On May 31st 2020, the governments of United Arab Emirates (UAE) and Israel signed a tax treaty for the avoidance of double taxation.
The tax treaty aims to boost economic conditions and relations between the two countries and promote bilateral trade and future investments. In addition, the tax treaty will assist in removing barriers linked to cross-border trade and make the two nations more attractive to international investors. UAE has signed around 100 double taxation agreements and such agreements aim to encourage exchange of goods, services and capital.
It is expected that the tax convention will go into effect on the 1st of January 2022, once ratified by the Knesset and in the UAE.
The tax treaty is primarily based on the Organisation for Economic Co-operation and Development Model Tax Convention on Income and on Capital (OECD Model). The treaty also includes clauses relating to exchange of information, prevention of abuse and discrimination.
Who is a resident under the Double Tax Treaty?
Israeli Resident: Any person liable to pay taxes in Israel by reason of his/her domicile, residence, place of management or place of incorporation.
UAE Resident: Any individual who is present in the UAE for at least 183 days in each tax year concerned and the previous tax year provided that the particular individual may prove this.
It is understood that the below will apply:
- INTEREST: Withholding tax of 0%-10%, rate depends on the identity of recipient of interest payment. A 5% rate will be applicable on interest paid to an individual or a corporate shareholder that holds at least 50% of the payer;
- DIVIDENDS: Withholding tax of 0% – 15%, rate depends on identity of recipient of dividend payment.
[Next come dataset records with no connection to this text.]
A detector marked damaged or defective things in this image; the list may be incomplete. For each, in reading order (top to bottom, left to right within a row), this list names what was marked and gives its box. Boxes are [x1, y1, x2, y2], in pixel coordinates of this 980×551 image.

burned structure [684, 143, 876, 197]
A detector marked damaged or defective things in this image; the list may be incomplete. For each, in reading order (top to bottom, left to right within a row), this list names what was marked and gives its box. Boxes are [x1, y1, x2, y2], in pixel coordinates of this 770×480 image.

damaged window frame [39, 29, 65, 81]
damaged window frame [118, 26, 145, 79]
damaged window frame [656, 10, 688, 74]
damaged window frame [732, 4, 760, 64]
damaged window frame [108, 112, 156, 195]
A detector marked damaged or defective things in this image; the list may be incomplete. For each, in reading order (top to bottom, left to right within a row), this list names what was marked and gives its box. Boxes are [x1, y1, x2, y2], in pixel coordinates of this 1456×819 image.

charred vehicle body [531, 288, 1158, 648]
A 5% rate for dividends paid will be applicable to a corporate shareholder that holds at least 10% of payer during the last 365 days;
- ROYALTIES: Withholding tax of 12%;
- CAPITAL GAINS: Capital gain from the disposal of a real estate held directly or indirectly through a trust may be taxed in the country where the real estate is situated anytime within 365 days preceding the sale.
- AVOIDING DOUBLE TAXATION: A foreign tax credit will apply.
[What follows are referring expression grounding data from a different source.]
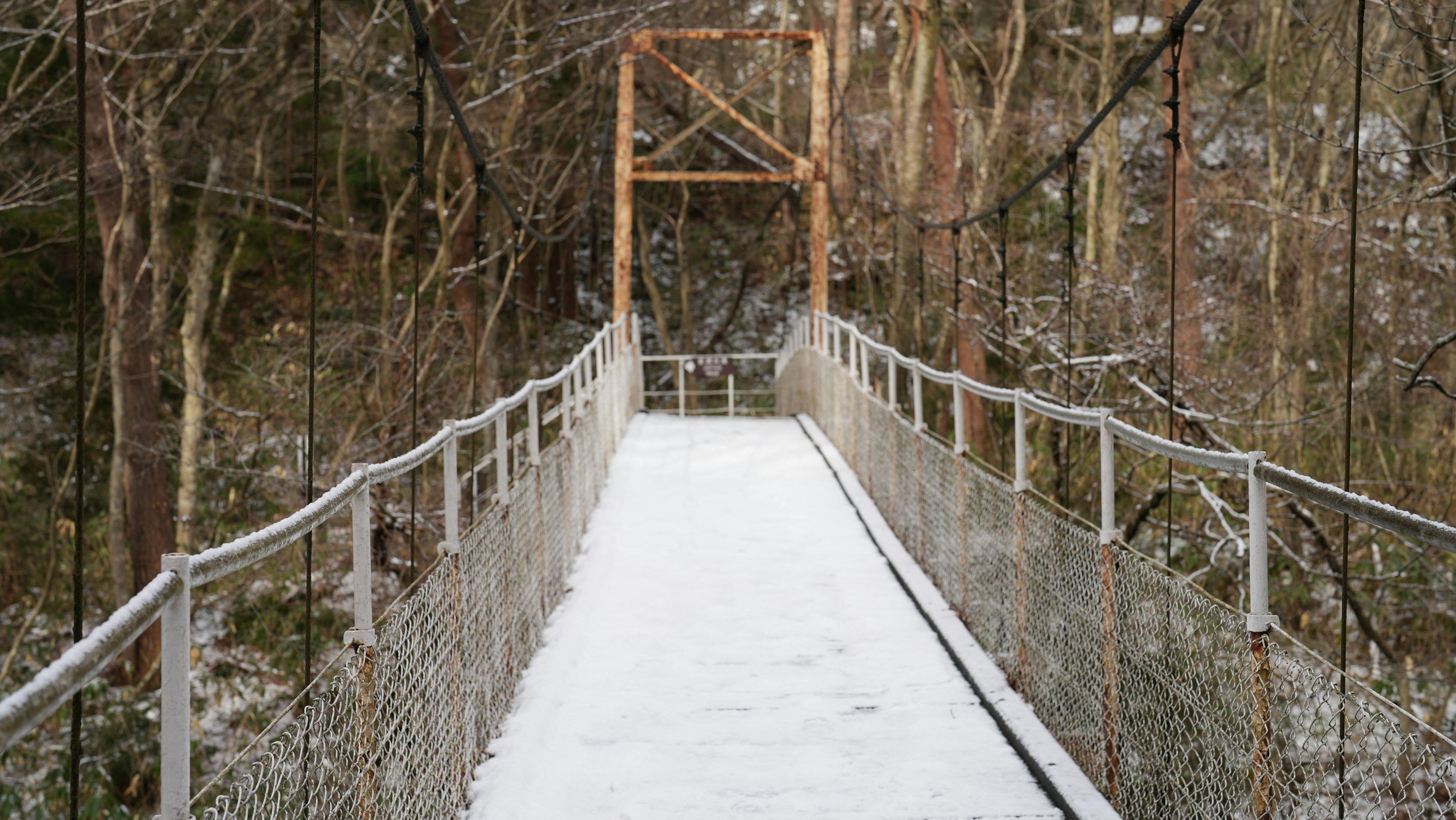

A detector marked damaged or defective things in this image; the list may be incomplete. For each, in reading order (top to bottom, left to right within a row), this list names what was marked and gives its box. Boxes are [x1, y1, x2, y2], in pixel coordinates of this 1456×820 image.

rusty metal post [611, 36, 640, 325]
rusted metal beam [614, 51, 637, 320]
rusted metal beam [635, 171, 803, 183]
rusted metal beam [643, 43, 815, 170]
rusted metal beam [649, 46, 810, 172]
rusted metal beam [646, 29, 821, 41]
rusted metal beam [810, 33, 833, 320]
rusty metal post [810, 30, 833, 330]
rusty metal post [1095, 413, 1118, 804] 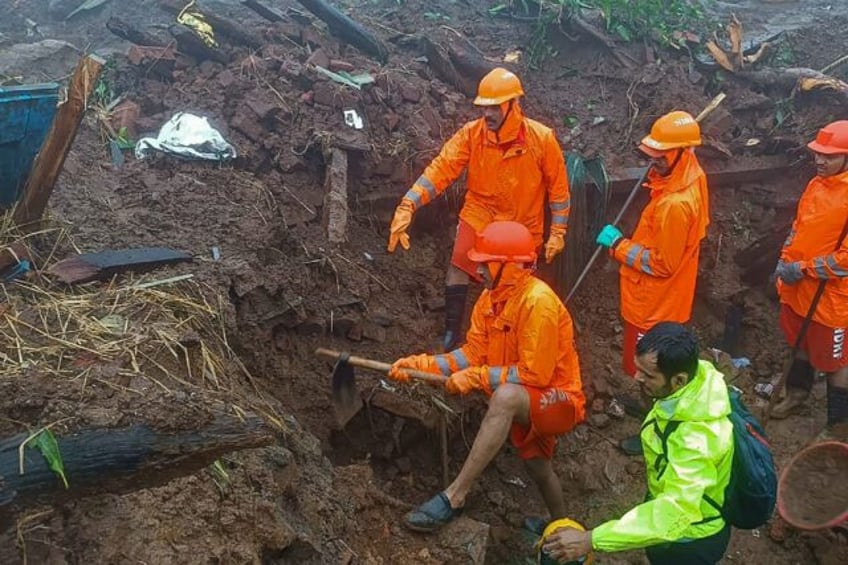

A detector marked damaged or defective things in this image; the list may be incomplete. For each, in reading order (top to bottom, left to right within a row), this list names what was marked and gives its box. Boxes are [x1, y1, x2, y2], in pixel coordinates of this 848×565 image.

broken wooden beam [105, 16, 166, 47]
broken wooden beam [158, 0, 262, 51]
broken wooden beam [242, 0, 284, 21]
broken wooden beam [294, 0, 388, 62]
broken wooden beam [12, 53, 105, 234]
broken wooden beam [322, 147, 350, 243]
broken wooden beam [608, 159, 796, 194]
broken wooden beam [48, 247, 194, 284]
broken wooden beam [0, 410, 272, 528]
Zero (0%) tax rate is applicable to government entities and pension funds on dividends and interest income.
Before the treaty, Israeli withholding tax rate for outbound interest payments was around 25%. Similarly, Israeli withholding tax rate for outbound dividend payments was around 20%-25%.
The above treaty applies to residents of one or both countries.
We will be following up all the developments on this particular matter and shall be updating you accordingly.